Problem description
Every record below, from first to last, should be copied exactly; leave the pictures out.

[Supplied material — start]

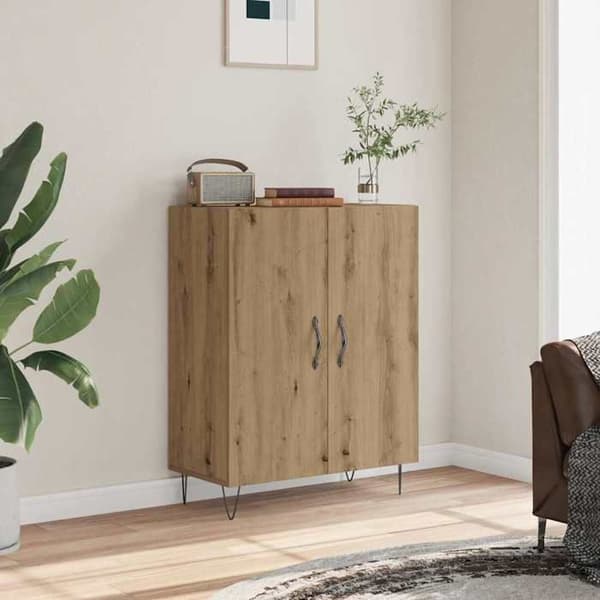 Maison Exclusive - Buffet i håndlavet egetræ 69,5x34x90 cm i ingeniørtræ
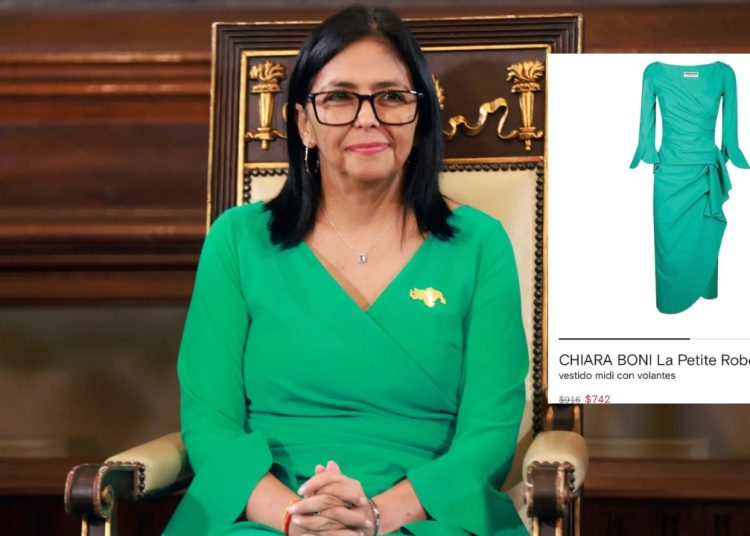 Polémica por vestido de Delcy Rodríguez en juramentación: Precio equivale a 147 años de salario mínimo en Venezuela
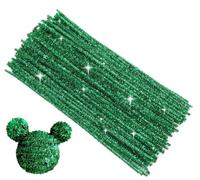 Bundooraking Green Glitter Pipe Cleaners for Crafts - 12in Chenille Stems, Art and Craft Supplies for DIY Projects, Decorations, and Creative Crafting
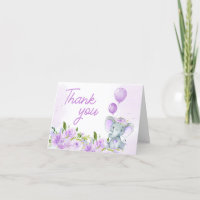 Purple Floral Elephant Baby Shower
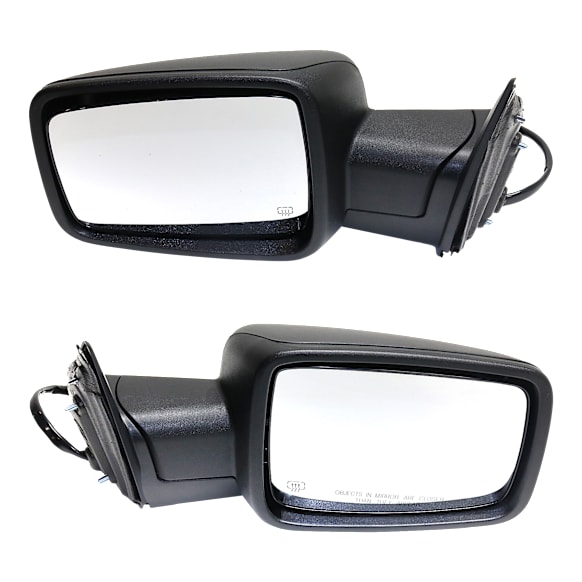Driver and Passenger Side Mirror, Power Adjust, Heated, Power Folding, Textured Black, In-housing Signal Light, No Memory, With Puddle Light, No Auto-Dimming, No Blind Spot Feature
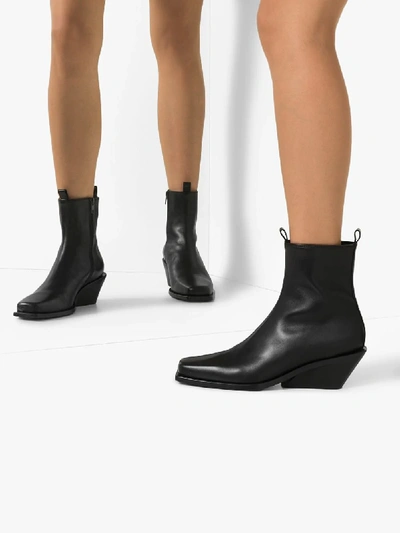 Shop Ann Demeulemeester Black 40 Leather Wedge Ankle Boots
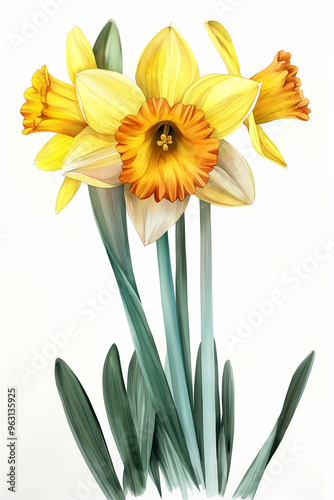 Yellow watercolour daffodil narcissus summer flower illustration on white background. Floral blossom concept photo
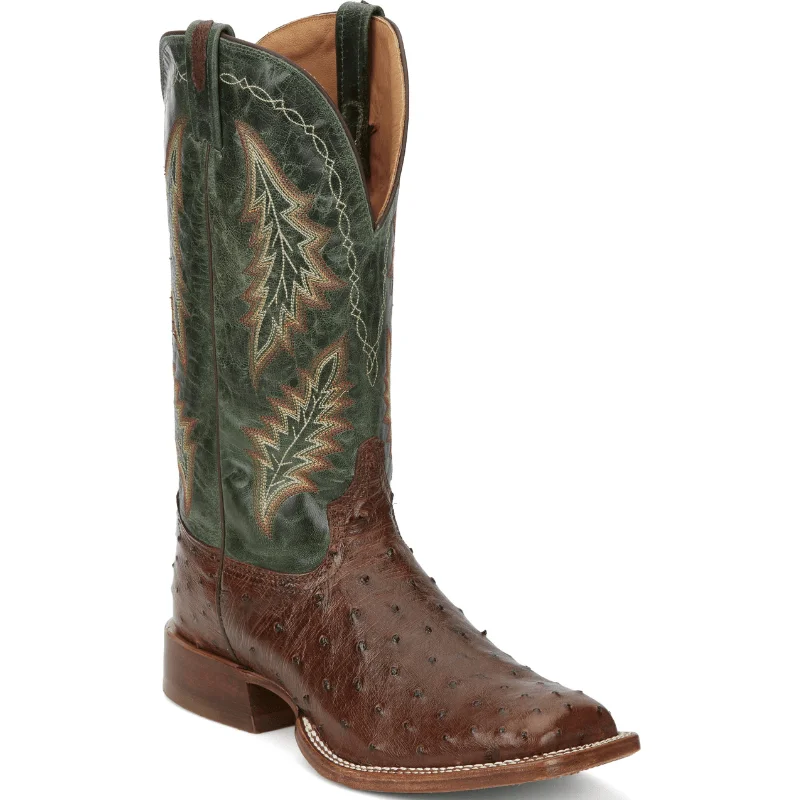 Men's cowboy boots with a silver - toned buckleTony Lama Men's Hayden Bourbon Brown Ostrich Exotic Western Boots EP8270 Men's cowboy boots with a silver - toned buckleTony Lama Men's Hayden Bourbon Brown Ostrich Exotic Western Boots EP8270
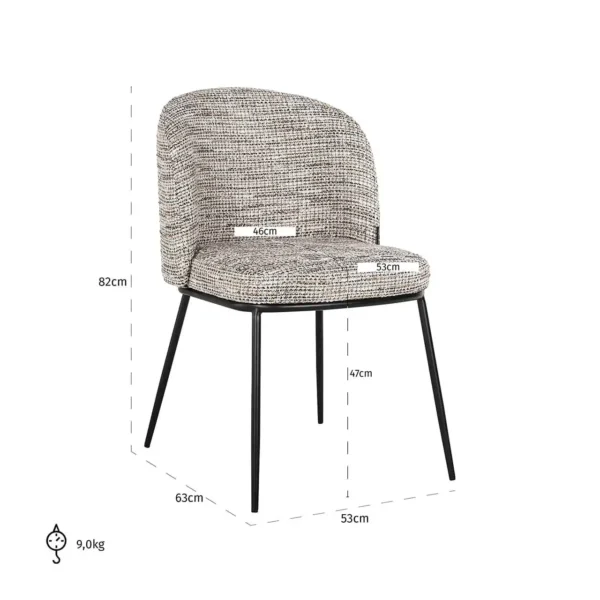 Scaun dining maro/bej din tesatura texturata Elvi - imagine 8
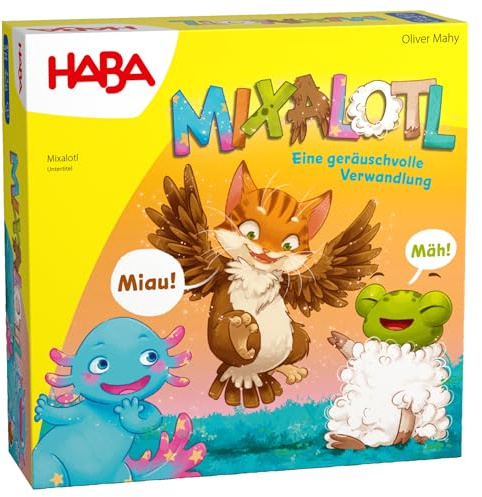 HABA Mixalotl - Jeu de devinettes Amusant pour Enfants à partir de 4 Ans - Reconnaître Les Animaux, Combiner des Cartes et reproduire Les Sons - 2012234001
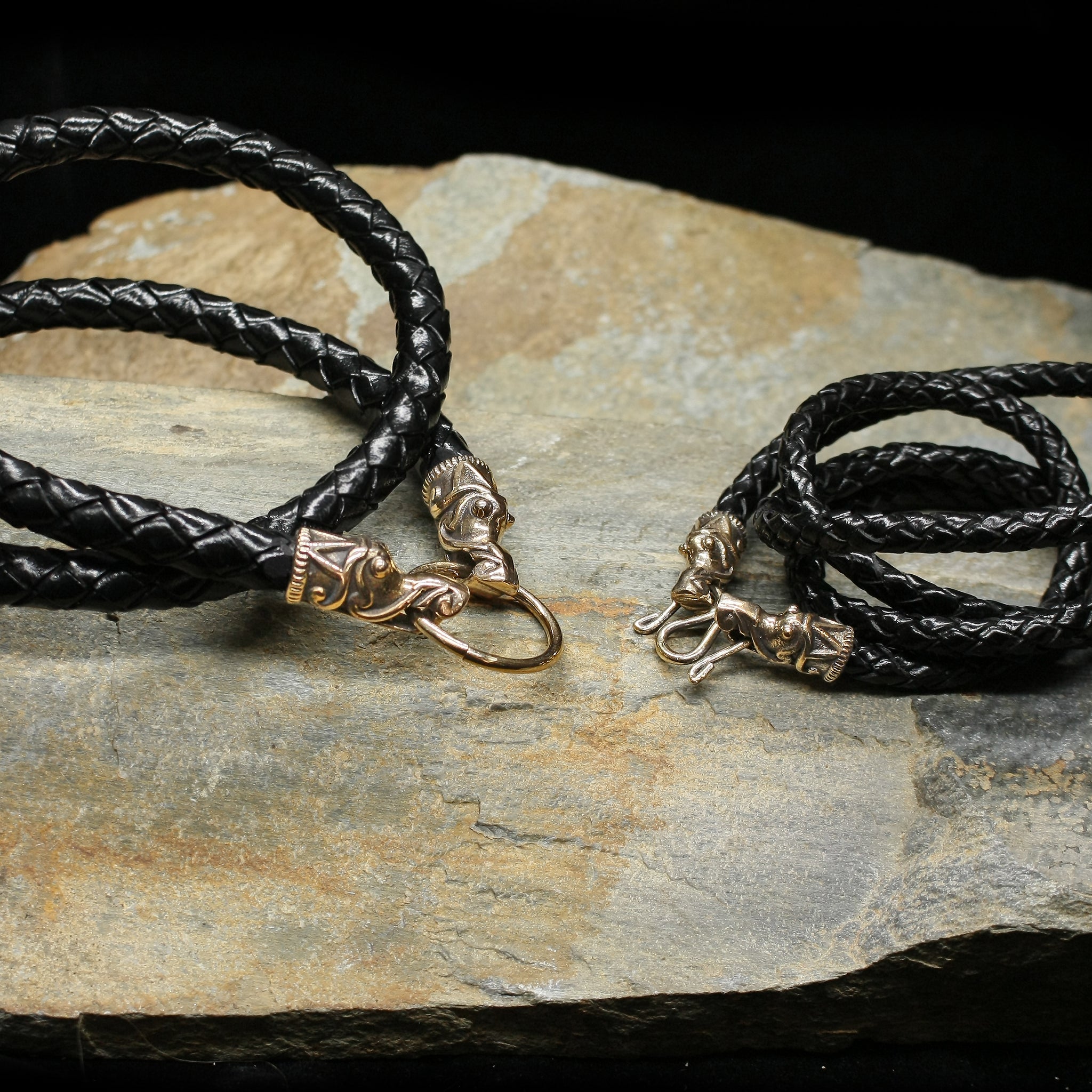 Braided Leather Necklace with Bronze Icelandic Replica Wolf Heads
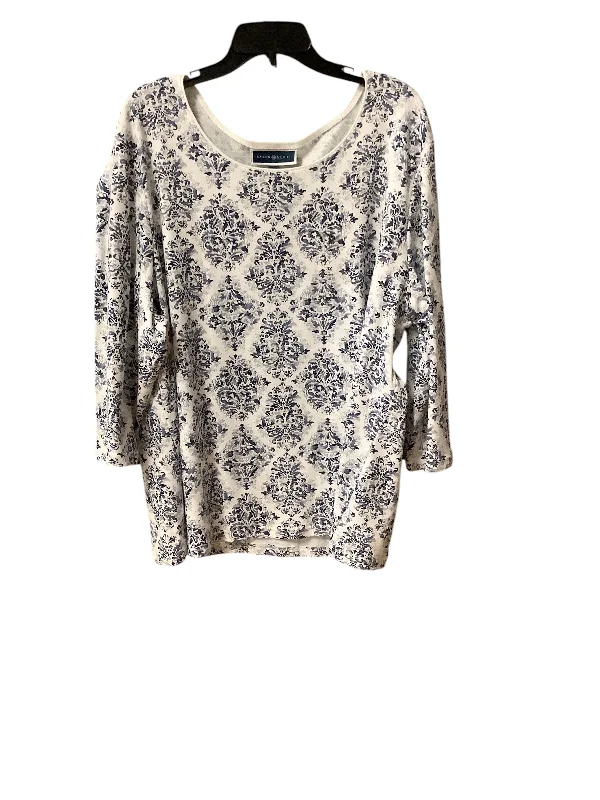 Limited Stock Top Long Sleeve Basic By Karen Scott In Blue, Size: 3x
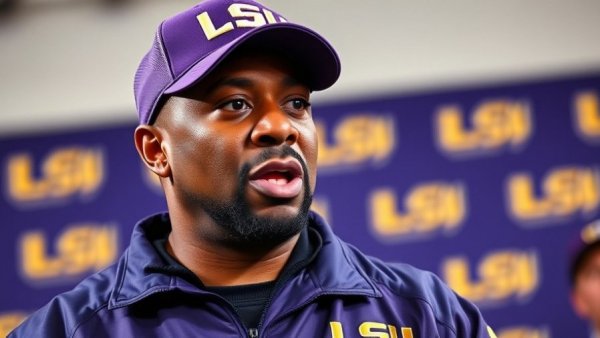Emotional LSU coach at press conference discussing 2025 NFL Draft.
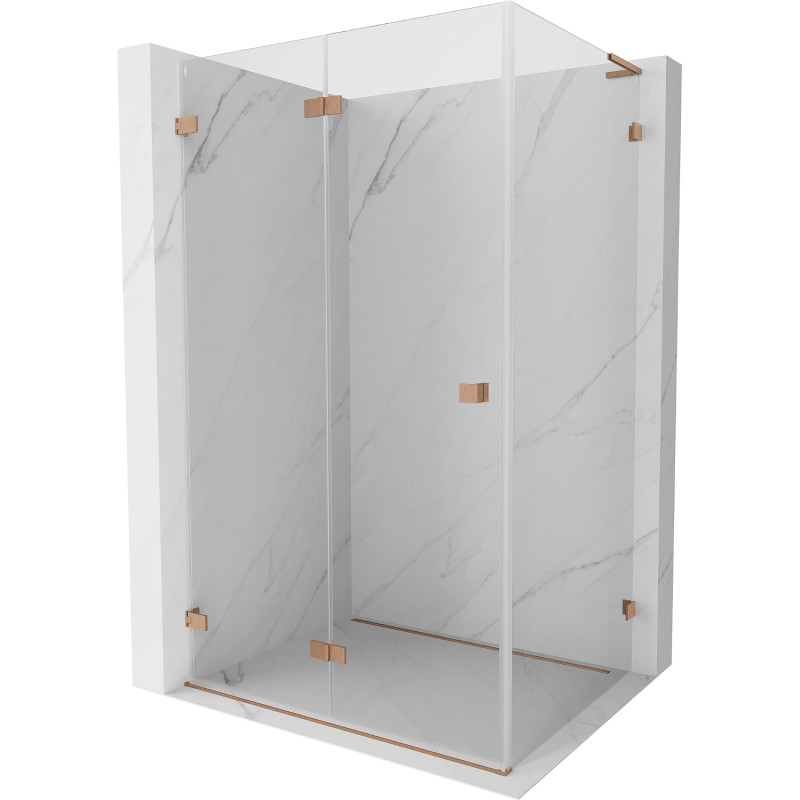 Mexen Lunar-F L faltbare Duschkabine links 95 x 90 cm, transparent, gebürstetes Kupfer - 836L-095-090-65-00-L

[Supplied material — finish]

Task output
 Maison Exclusive - Buffet i håndlavet egetræ 69,5x34x90 cm i ingeniørtræ
 Polémica por vestido de Delcy Rodríguez en juramentación: Precio equivale a 147 años de salario mínimo en Venezuela
 Bundooraking Green Glitter Pipe Cleaners for Crafts - 12in Chenille Stems, Art and Craft Supplies for DIY Projects, Decorations, and Creative Crafting
 Purple Floral Elephant Baby Shower
Driver and Passenger Side Mirror, Power Adjust, Heated, Power Folding, Textured Black, In-housing Signal Light, No Memory, With Puddle Light, No Auto-Dimming, No Blind Spot Feature
 Shop Ann Demeulemeester Black 40 Leather Wedge Ankle Boots
 Yellow watercolour daffodil narcissus summer flower illustration on white background. Floral blossom concept photo
 Men's cowboy boots with a silver - toned buckleTony Lama Men's Hayden Bourbon Brown Ostrich Exotic Western Boots EP8270 Men's cowboy boots with a silver - toned buckleTony Lama Men's Hayden Bourbon Brown Ostrich Exotic Western Boots EP8270
 Scaun dining maro/bej din tesatura texturata Elvi - imagine 8
 HABA Mixalotl - Jeu de devinettes Amusant pour Enfants à partir de 4 Ans - Reconnaître Les Animaux, Combiner des Cartes et reproduire Les Sons - 2012234001
 Braided Leather Necklace with Bronze Icelandic Replica Wolf Heads
 Limited Stock Top Long Sleeve Basic By Karen Scott In Blue, Size: 3x
Emotional LSU coach at press conference discussing 2025 NFL Draft.
 Mexen Lunar-F L faltbare Duschkabine links 95 x 90 cm, transparent, gebürstetes Kupfer - 836L-095-090-65-00-L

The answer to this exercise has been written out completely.